Waxing lyrical...

Switching Team

Categories: General - Guru Thoughts - Ramblings
Written by John on 20/12/2004 at 8:00 am

My background is computers. I’ve been noodling on them since I was a lad, back in around 1984. So that’s twenty years, give or take. I wouldn’t go as far as to say I was a veteran, but I can remember many of the computers of that time, and the feeling of excitement as I took my first tentative steps on the new frontier.

That was then and this is now; twenty years gone past and many if not all of the computer and software houses of 1984 are now no more. With a few notable (and very successful exceptions) we have lost a lot of the colour and competition which used to typify the industry.

I recall reading about a revolutionary new, single box computer with a thing called a mouse and sophisticated graphics and a new way of doing things. I recall it was called Macintosh, and as a young lad I wanted one. It did, however, take twenty years of working my way via a convoluted route to finally own one of these Macintoshes. Twenty years of grief, frustration and exasperation.
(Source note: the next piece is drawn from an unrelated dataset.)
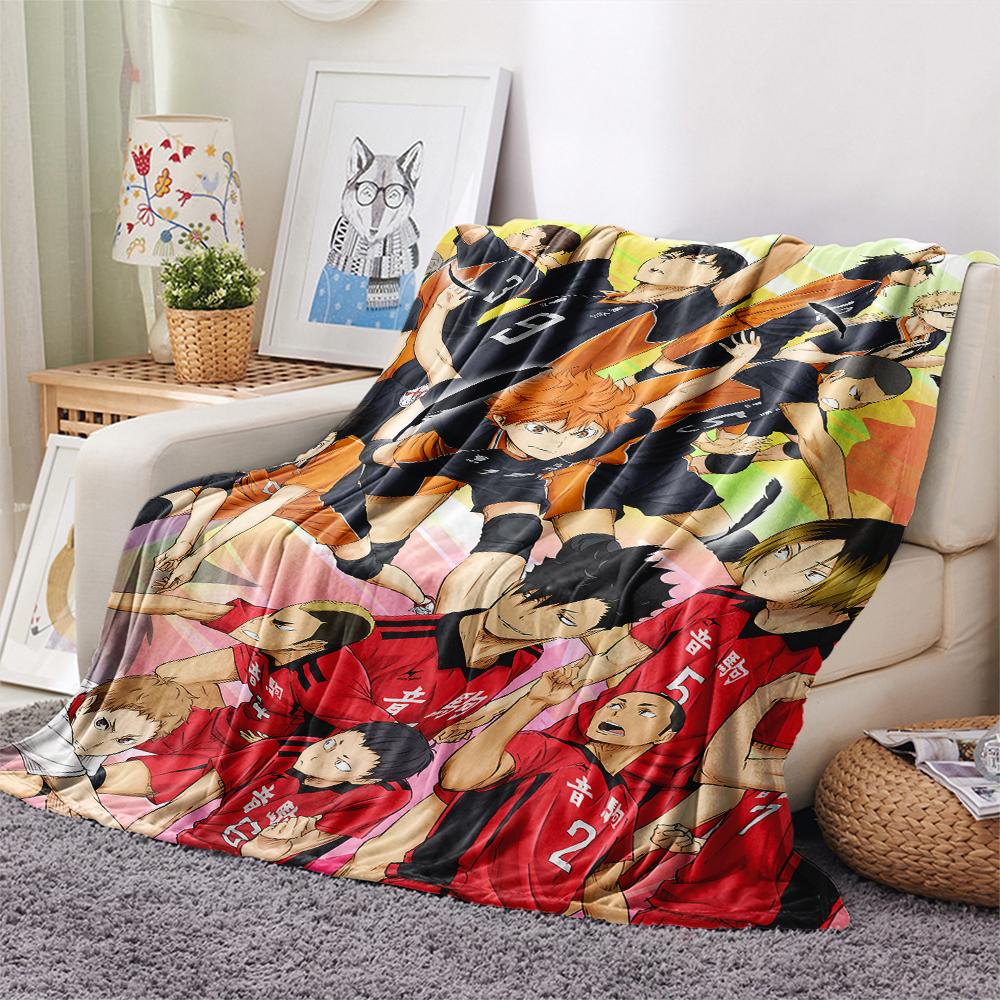 1Pc Haikyu!! Anime Print Flannel Blanket, High quality Comfortable for All Seasons, Home Decor, Warmth and Comfort, Perfect for Christmas Gifts 53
Mainly condensed into the latter fifteen years of this period when I backed the IBM PC.

Retrospect being a cruel mistress, it is only now I realise how much of my life has been wasted using poorly designed computers running inadequate, unreliable operating systems. Yes, stand up Microsoft, that’s you to whom I refer. You see, it was only earlier this year that I finally found the planets in alignment and the circumstances right to acquire my first Mac.

The John of 1984 would, of course, have been astonished at the compact wonder that is the Powerbook 12. Since selling my hulking Dell Inspiron 8000 back in July, I’ve been almost 100% Apple, and generally not looking back. The elegance and thought that has gone into this little device is somewhat special; the Dell just could never compete.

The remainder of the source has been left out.